Exercise prompt: Give an exact copy of the lines from the beginning of the listing below to the "8 Ω, Schwarz" line, inclusive.

Provided data:
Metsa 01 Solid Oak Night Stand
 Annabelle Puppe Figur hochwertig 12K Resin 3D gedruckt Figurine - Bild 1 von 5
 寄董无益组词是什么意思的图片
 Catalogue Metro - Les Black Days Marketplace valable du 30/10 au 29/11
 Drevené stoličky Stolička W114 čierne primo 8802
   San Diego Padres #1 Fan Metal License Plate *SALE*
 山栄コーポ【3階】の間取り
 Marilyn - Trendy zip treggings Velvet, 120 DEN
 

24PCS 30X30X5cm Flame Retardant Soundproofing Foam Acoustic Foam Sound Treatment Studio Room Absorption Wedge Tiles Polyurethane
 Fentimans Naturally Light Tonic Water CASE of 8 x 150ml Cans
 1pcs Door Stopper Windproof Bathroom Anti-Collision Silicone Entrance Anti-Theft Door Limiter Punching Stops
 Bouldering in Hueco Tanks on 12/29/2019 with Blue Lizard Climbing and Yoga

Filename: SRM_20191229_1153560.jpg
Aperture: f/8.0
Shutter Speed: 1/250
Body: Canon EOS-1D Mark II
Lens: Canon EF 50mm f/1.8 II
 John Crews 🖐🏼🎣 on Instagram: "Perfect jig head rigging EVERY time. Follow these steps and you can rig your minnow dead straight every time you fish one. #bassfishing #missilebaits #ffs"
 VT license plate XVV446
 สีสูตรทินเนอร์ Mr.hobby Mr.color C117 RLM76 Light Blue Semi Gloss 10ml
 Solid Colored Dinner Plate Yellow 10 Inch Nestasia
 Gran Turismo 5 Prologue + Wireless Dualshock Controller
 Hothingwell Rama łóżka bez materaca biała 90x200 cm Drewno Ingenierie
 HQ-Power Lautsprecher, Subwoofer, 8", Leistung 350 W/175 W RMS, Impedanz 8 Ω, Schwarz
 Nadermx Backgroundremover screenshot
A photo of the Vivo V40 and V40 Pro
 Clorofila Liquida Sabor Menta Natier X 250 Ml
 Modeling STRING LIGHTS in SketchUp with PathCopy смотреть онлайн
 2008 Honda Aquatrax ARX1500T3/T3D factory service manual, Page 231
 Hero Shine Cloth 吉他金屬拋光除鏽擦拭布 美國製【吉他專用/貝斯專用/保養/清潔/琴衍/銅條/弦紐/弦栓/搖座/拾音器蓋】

Result of this task:
Metsa 01 Solid Oak Night Stand
 Annabelle Puppe Figur hochwertig 12K Resin 3D gedruckt Figurine - Bild 1 von 5
 寄董无益组词是什么意思的图片
 Catalogue Metro - Les Black Days Marketplace valable du 30/10 au 29/11
 Drevené stoličky Stolička W114 čierne primo 8802
   San Diego Padres #1 Fan Metal License Plate *SALE*
 山栄コーポ【3階】の間取り
 Marilyn - Trendy zip treggings Velvet, 120 DEN
 

24PCS 30X30X5cm Flame Retardant Soundproofing Foam Acoustic Foam Sound Treatment Studio Room Absorption Wedge Tiles Polyurethane
 Fentimans Naturally Light Tonic Water CASE of 8 x 150ml Cans
 1pcs Door Stopper Windproof Bathroom Anti-Collision Silicone Entrance Anti-Theft Door Limiter Punching Stops
 Bouldering in Hueco Tanks on 12/29/2019 with Blue Lizard Climbing and Yoga

Filename: SRM_20191229_1153560.jpg
Aperture: f/8.0
Shutter Speed: 1/250
Body: Canon EOS-1D Mark II
Lens: Canon EF 50mm f/1.8 II
 John Crews 🖐🏼🎣 on Instagram: "Perfect jig head rigging EVERY time. Follow these steps and you can rig your minnow dead straight every time you fish one. #bassfishing #missilebaits #ffs"
 VT license plate XVV446
 สีสูตรทินเนอร์ Mr.hobby Mr.color C117 RLM76 Light Blue Semi Gloss 10ml
 Solid Colored Dinner Plate Yellow 10 Inch Nestasia
 Gran Turismo 5 Prologue + Wireless Dualshock Controller
 Hothingwell Rama łóżka bez materaca biała 90x200 cm Drewno Ingenierie
 HQ-Power Lautsprecher, Subwoofer, 8", Leistung 350 W/175 W RMS, Impedanz 8 Ω, Schwarz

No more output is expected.